The malware was linked to some Chinese hacker’s DDoS services given. Malware-like PCs pointed at both Linux and Windows were connected to a toolkit as DDoS attacks.
Windows and Linux malware linked to Chinese DDoS tool. The malware was linked to some Chinese hackers’ DDoS services are given. Malware-like PCs pointed at both Linux and Windows were connected to a toolkit as DDoS attacks, which continued then exchanged by Chinese hackers ddos.tf within the web, according to the boys’ statement, Malware Must Die! The malware, codenamed Linux/DDOSTF (or Linux/MrBlack), mainly attacked computers with Linux servers Elasticsearch executed, but also attacked and infected Windows systems, particularly the oldest, Windows XP, and Windows 2003 servers.
The reports of the guy’s Malware Must Die! They report that the Windows computer infections occurred through a PHP-Shell MySQL that took advantage of a mistake in the architecture of WMI (Windows Management Instrumentation), allowing them to infiltrate systems, install and run the malicious program and gain administrator privileges on infected computers. The Windows version of this malware is known as Trojan Mr. Black.
Windows And Linux Malware Linked to Chinese DDoS Tool
Security researchers also claim that the variant of Linux for this malware, distributed as a malicious executable ELF, resembles an older malware, JrLinux, so possibly they are of the same family. Additionally, part of the code could have been stolen from another famous malware Linux, Linux/Windows. Both the malware were linked to the service ddos.tf.

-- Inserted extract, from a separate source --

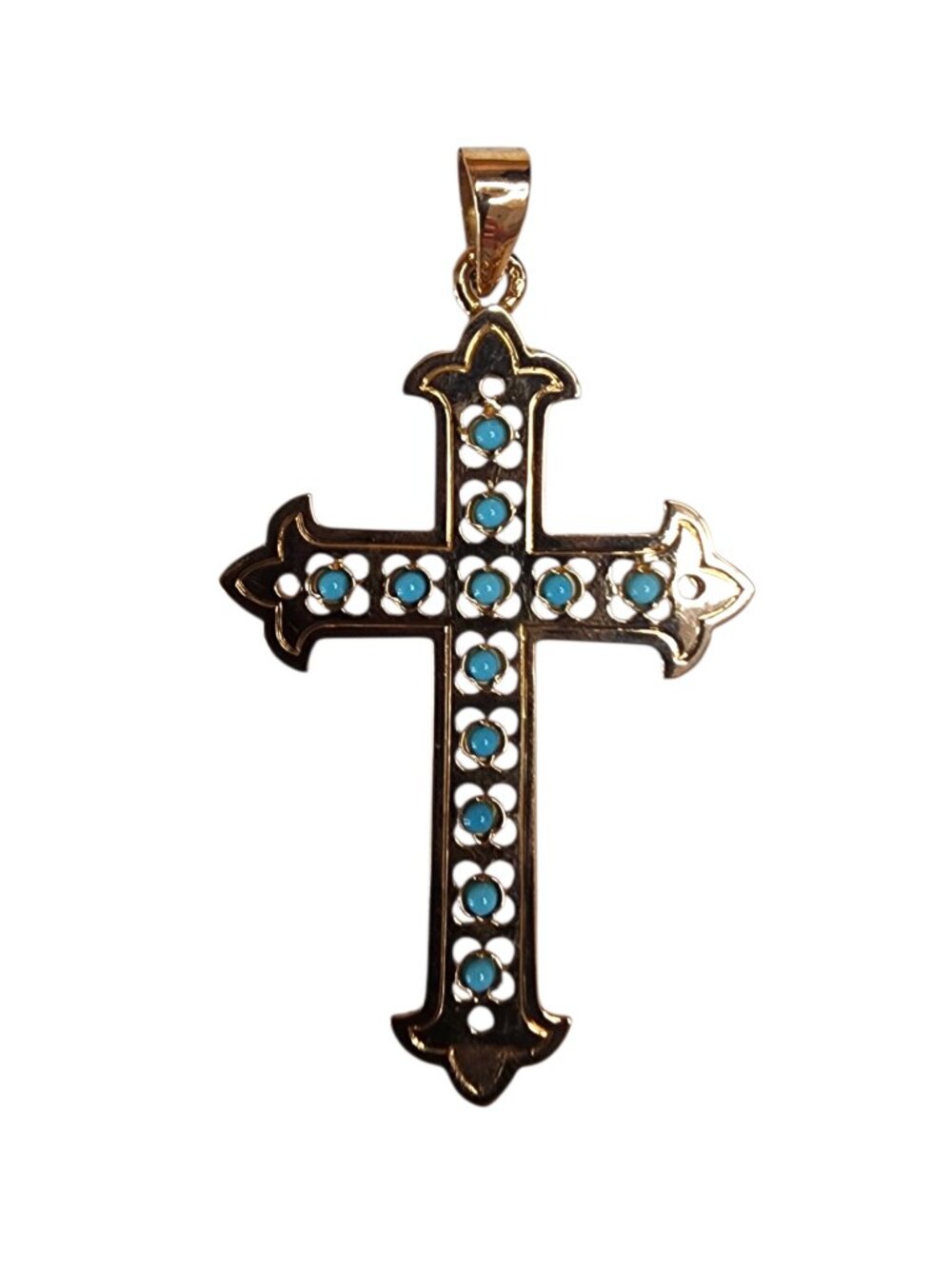 18K Yellow Gold Turquoise Cross Pendant #25545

Also Read: How to Make Linux Bootable Pendrive
Analyzing telemetry data from infected PCs, researchers say this malware is just one part of a larger botnet, which is mainly used for DDoS attacks. Using the clues that have left the malware authors in the source code, the researchers have managed to reach infected PCs to service ddos.tf. This website offers the “Wrath DDoS Cluster “or “DDoS Curse Cluster” in exchange for money.
Chinese website advertises it as a pen-testing tool, but it’s nothing more than a control panel for DDoS attacks. Further investigating the source code for Linux/DDOSTF, researchers Malware Must Die! They managed to link several characteristics of malware with options and buttons on the website’s control panel for DDoS attacks.
“This control panel is loaded with not only malware but also with weapons Webshell and hacking tools. The ELF and malware Windows that have used lead us to them, “the researchers conclude. “These attackers are infecting and performing DDoS attacks? Or it is perhaps one of his buyers about? We do not know yet.”